▸ WHAT TO PRODUCE
An exact transcription is needed of the lines below from the one with "2014 Lincoln MKX Base" through the one with "XC70 - 2014", with no other lines and no pictures.

▸ THE RECORDS
+-------+

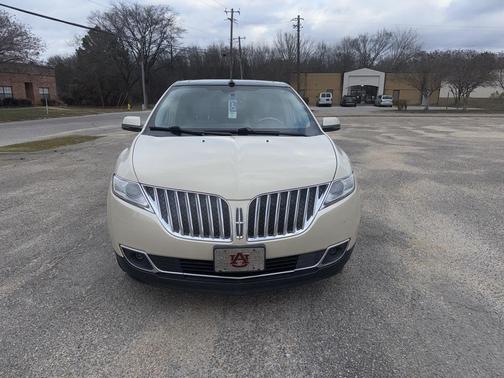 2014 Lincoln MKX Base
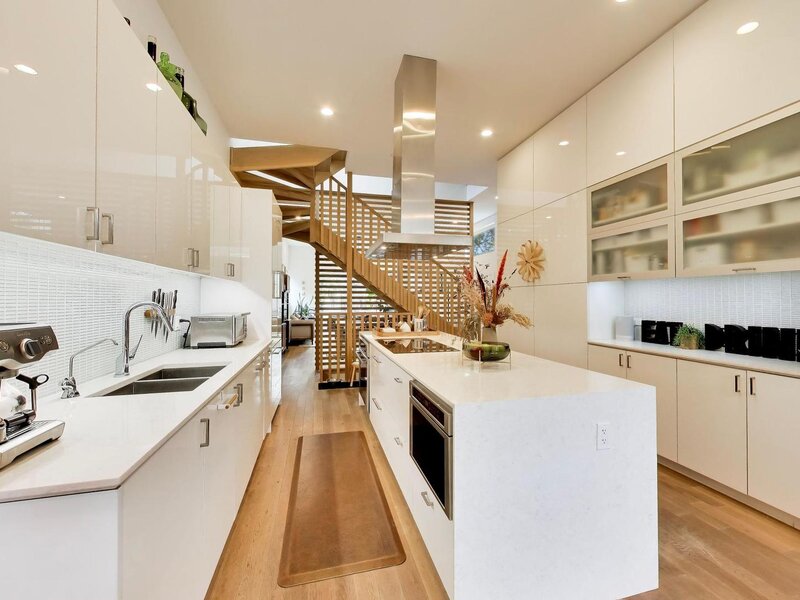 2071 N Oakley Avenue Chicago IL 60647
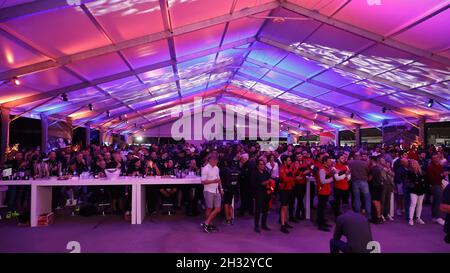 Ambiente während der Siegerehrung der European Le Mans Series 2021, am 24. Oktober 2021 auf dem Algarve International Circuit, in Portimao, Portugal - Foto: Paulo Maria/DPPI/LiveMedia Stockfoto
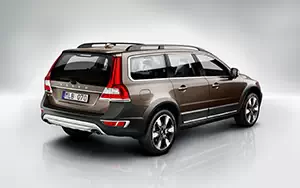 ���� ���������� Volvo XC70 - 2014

+-------+

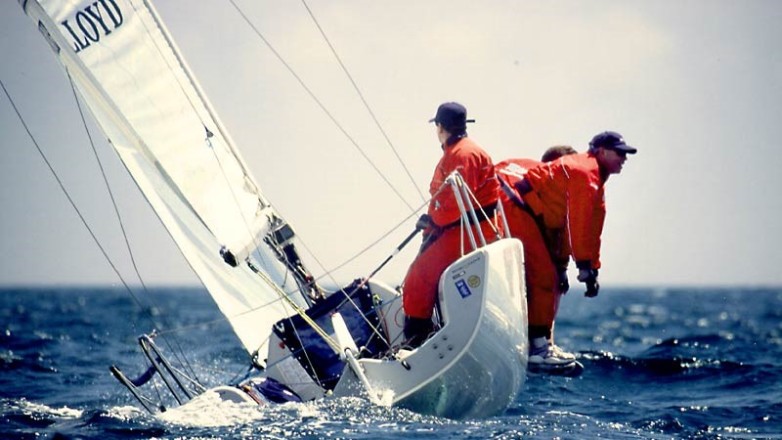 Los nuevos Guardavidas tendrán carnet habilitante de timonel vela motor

+-------+

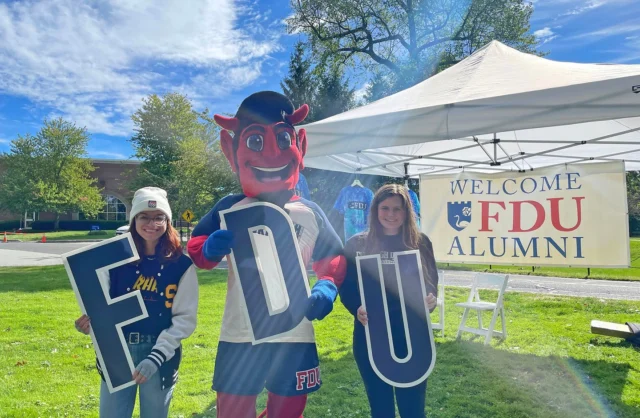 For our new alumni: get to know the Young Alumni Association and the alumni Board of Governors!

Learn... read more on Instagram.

+-------+

▸ SOLUTION
 2014 Lincoln MKX Base
 2071 N Oakley Avenue Chicago IL 60647
 Ambiente während der Siegerehrung der European Le Mans Series 2021, am 24. Oktober 2021 auf dem Algarve International Circuit, in Portimao, Portugal - Foto: Paulo Maria/DPPI/LiveMedia Stockfoto
 ���� ���������� Volvo XC70 - 2014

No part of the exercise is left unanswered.